Immigration Lawyer New York

 H-1B Visas and the H-1B Cap

What is an H-1B?

A U.S. employer can obtain an H-1B work visa based on an
offer of employment in a professional specialty occupation to any foreign
worker who holds an appropriate degree for the job offered, or a combination of
education and progressive work experience in the specialty equivalent to the
relevant degree.

The regulations define a professional specialty occupation as one that requires
a related 4-year Bachelor’s degree in the specialty, or its equivalent through
combined education and experience, as a minimum for entry-level employment in
that occupation. Foreign degrees must be evaluated by a U.S.-based credentials
evaluation service to determine whether they are equivalent to a U.S. bachelor's
degree or higher. Work experience in the field in lieu of higher education is
evaluated at 3:1, i.e. 3 years of full-time work in progressively responsible
positions is deemed equivalent to one year of college education. Where work
experience is substituted for some or all formal education, an equivalency evaluation
acceptable for H-1B purposes may not be accepted for immigrant visa purposes.

The employer must offer a wage to the alien at or above the
prevailing wage for U.S. workers employed in that geographic area in similar
jobs. The appropriateness of the wage to the offered job and location must be
confirmed with the Department of Labor through the filing of a Labor Condition
Application. **For any visa category that requires an LCA (H-1B, H-1B1, E-3),
 it is very important for the US employer to pay the legal fees and expenses,
and not seek to recoup them from the worker via salary deduction or otherwise.
Payment of legal costs by the sponsored worker is deemed an indicator of fraud
by USCIS, and the Department of Labor will deem such amounts subtracted from 
the actual salary, which will reduce the salary below the amount stated on the LCA, 
and this can lead to fines and other violations.
The H-1B worker cannot be an independent contractor, and must be paid the
offered wage as a salaried W-2 employee, with all payroll taxes withheld: any
amounts paid as commission, discretionary bonus, reimbursed expenses, or
non-employee compensation do not count toward satisfying the wage obligation.

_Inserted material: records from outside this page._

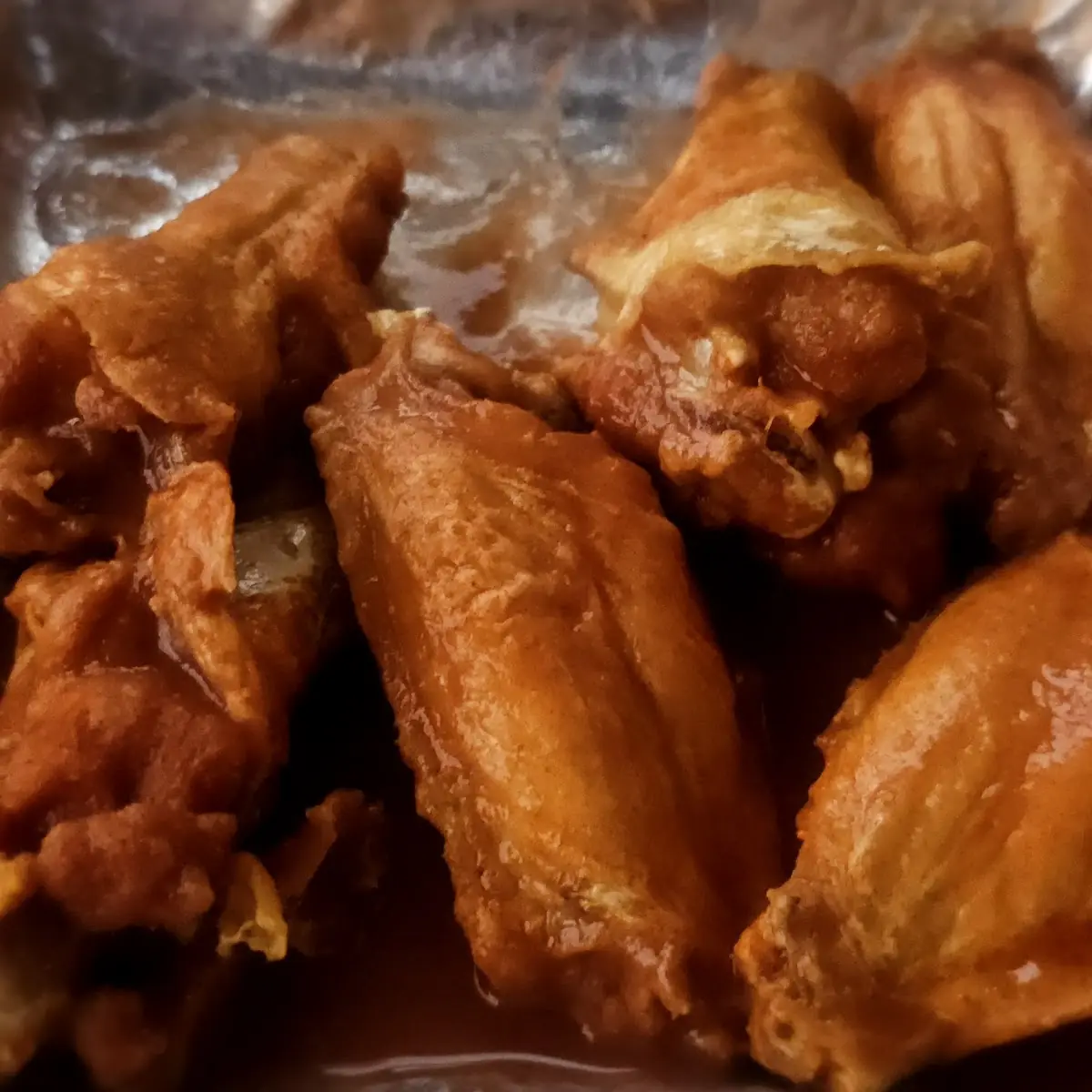 Bone in Wings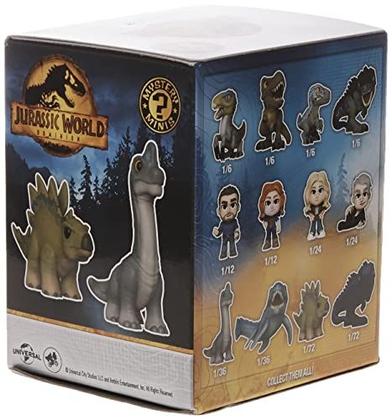 Imagem de Funko Pop! Mystery Minis: Jurassic World Dominion (uma figura misteriosa, os estilos podem variar)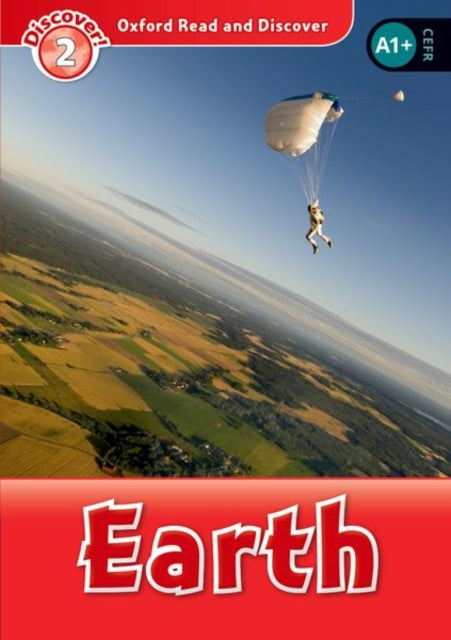 Book cover of: Oxford Read and Discover: Level 2: Earth Audio Pack. By: Richard Northcott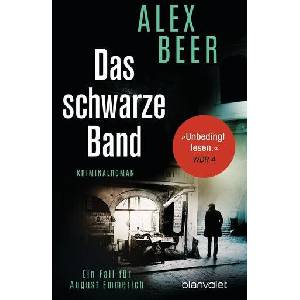 Das schwarze Band | Alex Beer (ISBN: 9783734110238)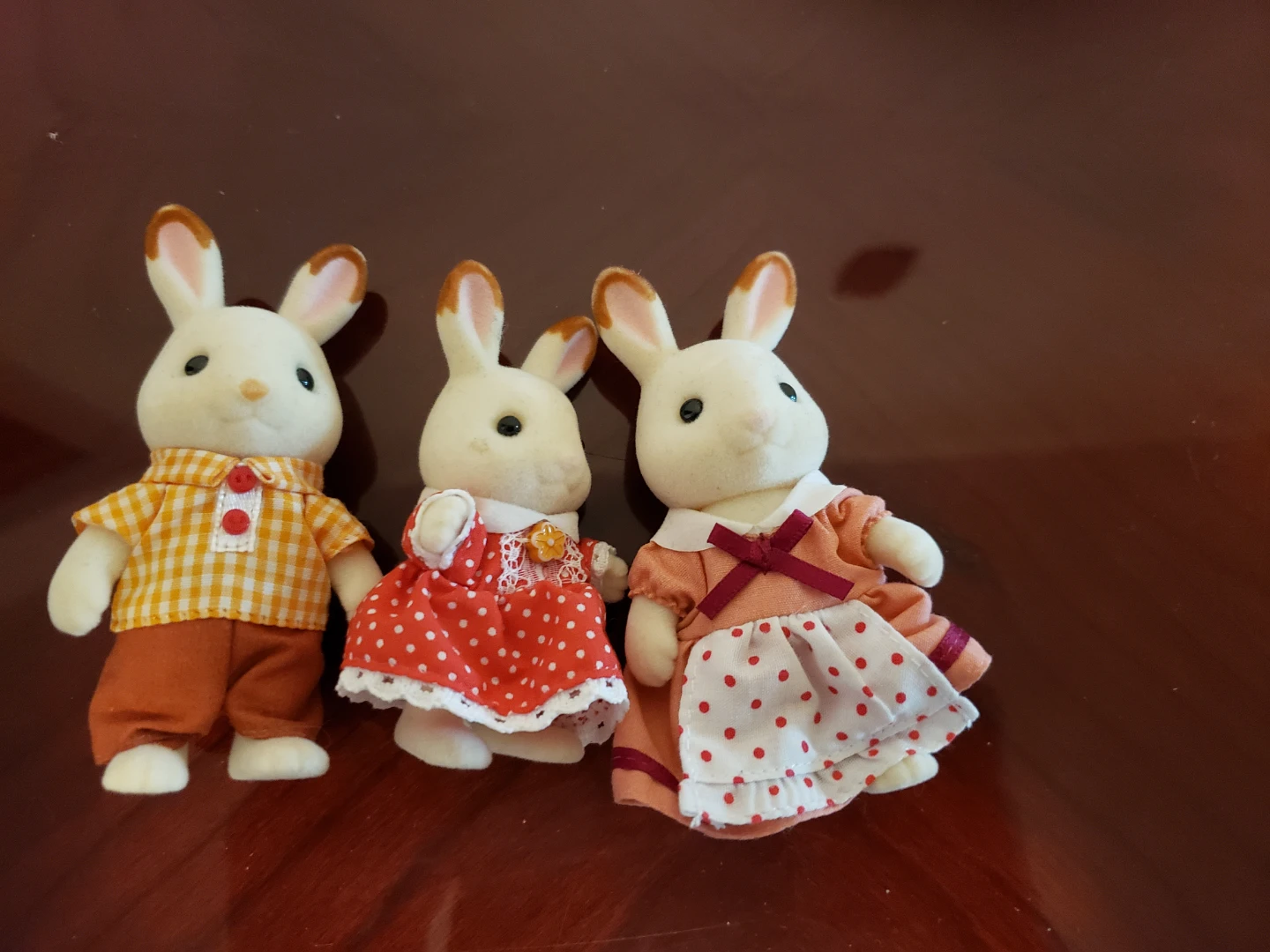 3 calico critters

Any questions about whether a job offer is in a professional
specialty occupation, or whether the worker’s education is sufficiently related
to the nature of the offered job, should be discussed with counsel on a
case-by-case basis.

H-1B CAP - The Annual Numerical Limit
FY 2016: USCIS announced on Tuesday, April 7, 2015 that they had received more than enough petitions to meet both the regular cap of 65,000 and Master's cap of an additional 20,000. A total of over 233,000 were received. 
FY 2015: USCIS announced at lunchtime on Monday, April 7, 2014 that both the regular H1B cap and the US Master's cap for the fiscal year to begin on October 1, 2014 was met. 
FY 2014: USCIS announced that the FY 2014 H-1B cap was met on April 5, 2013, including the additional 20,000 for holders of US Master's or higher degrees.

FY 2013:   USCIS announced that the regular H-1B cap of 65,000 was reached on June 11, 2012, and that the additional US Master's degree cap of 20,000 was reached on June 7, 2012.

FY 2012: As announced on November 23, 2011, the H-1B was reached just before Thanksgiving, and all 20,000 cases toward the additional Master's cap of 20,000 had been used as of October 28.

FY 2011: Per a USCIS press release, the annual H-1B cap was reached on January 26, 2011, including both the regular and Master's degree cap. 

FY2010: For 2009 (FY 2010), H-1B cap numbers were used much more slowly than the preceding 4 years, due to vastly reduced hiring because of the economic downturn. The H-1B cap was reached on December 24, 2009.   

FY 2006-2009: While the US economy was strong and hiring demand was high across industries, the H1B cap was exhausted for the upcoming fiscal year in the first week of the preceding April, as soon as petitions could be filed by US employers.

The New Rules: A regulation was published on March 24, 2008, to make the filing process fairer.

1) The initial filing window is now five business days, beginning on April 1. All petitions received at USCIS Service Centers during this period will be entered in the random selection lottery. Cases selected will be receipted in, cases that lose this lottery will be rejected and returned to petitioners, with documents and filing fees. 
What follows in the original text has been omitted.